DUE RESPECT to Hunter S. Thompson, who wrote those words in 1994 to describe the fate of the “poor bastards” born at the turn of this century, but it hasn’t been quite so bad. Consider the Americans born in the year 2000, the first natives of the brand-new millennium, who emerged screaming into a future of post-everything possibility, a time of budget surpluses and “the end of history” and this crazy new-ish thing called the Internet that was gonna change everything. They have no memory of a world without cell phones or selfies, climate change or school shootings, and they have no sense of America not at war with others or with itself. It hasn’t been all bad—remember Pokémon Go?—nor has it been all good (obviously). It has simply been a lot, and as these first natives of the brand-new millennium turn 20, that strange way station between childhood and adulthood, it’s only fitting to take stock of where they’ve been and where they’re going.

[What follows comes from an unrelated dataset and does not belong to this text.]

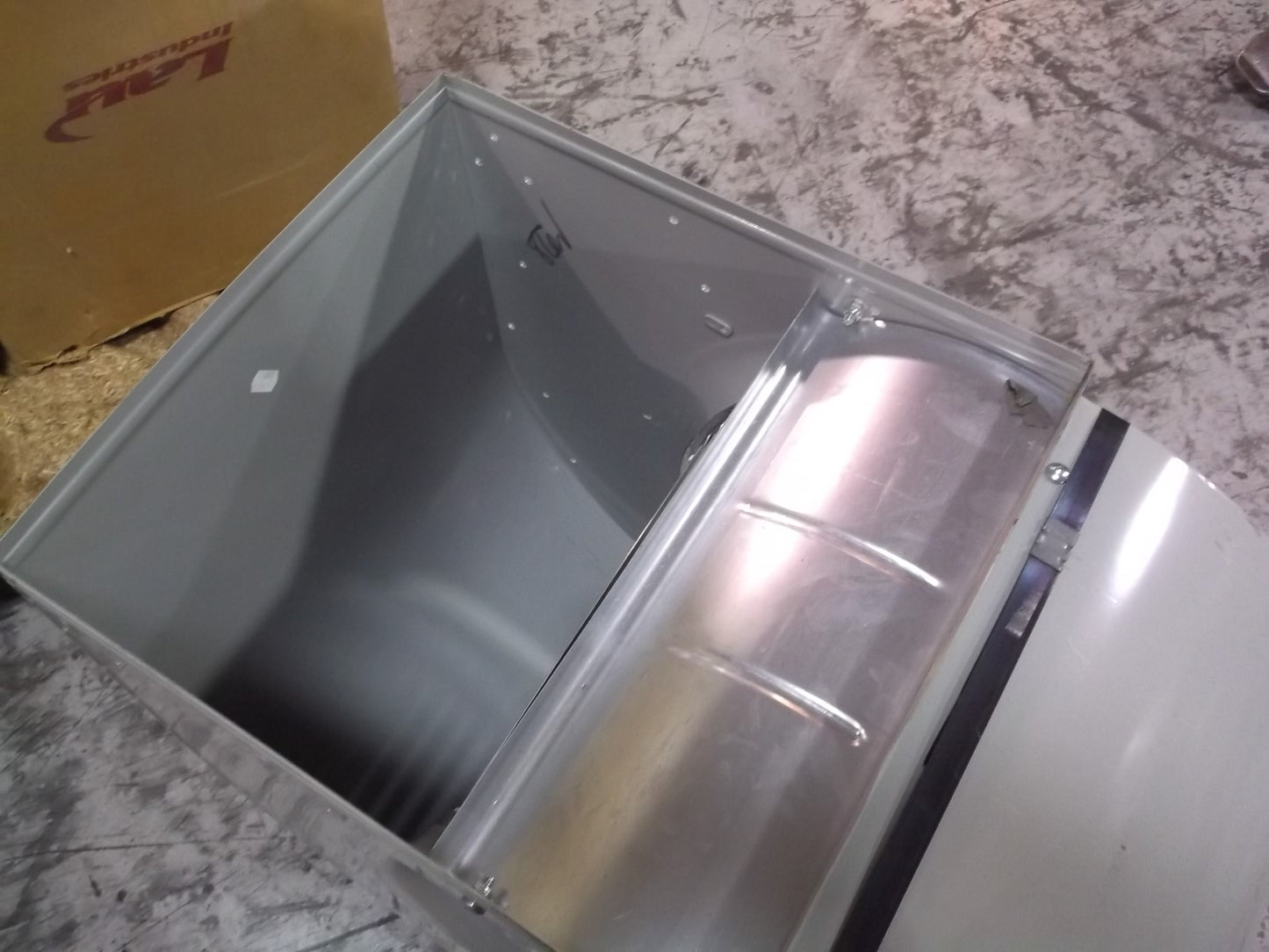 BLOWER HOUSING/WHEEL BELT DRIVEN LESS MOTOR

Below, you’ll meet 20 different men from across America who will have been 20 years old (at some point!) in the year 2020. But as you begin to unpack all those differences, some common threads emerge.
Soon they’ll have their first opportunity to vote in a presidential election, casting ballots in an America that’s rarely felt more polarized. They have different politics, but similar passions, proving that building one’s identity isn’t just a matter of what one believes—it’s what one does with those beliefs.
These 20-year-olds also represent a group who have spent much of their lives carrying around supercomputers with high-definition cameras in their pockets 24/7 without any sense of novelty. To older generations, these massive technological upheavals and sociocultural transitions can feel jarring. But to the 20-year-olds, it’s the same as it ever was.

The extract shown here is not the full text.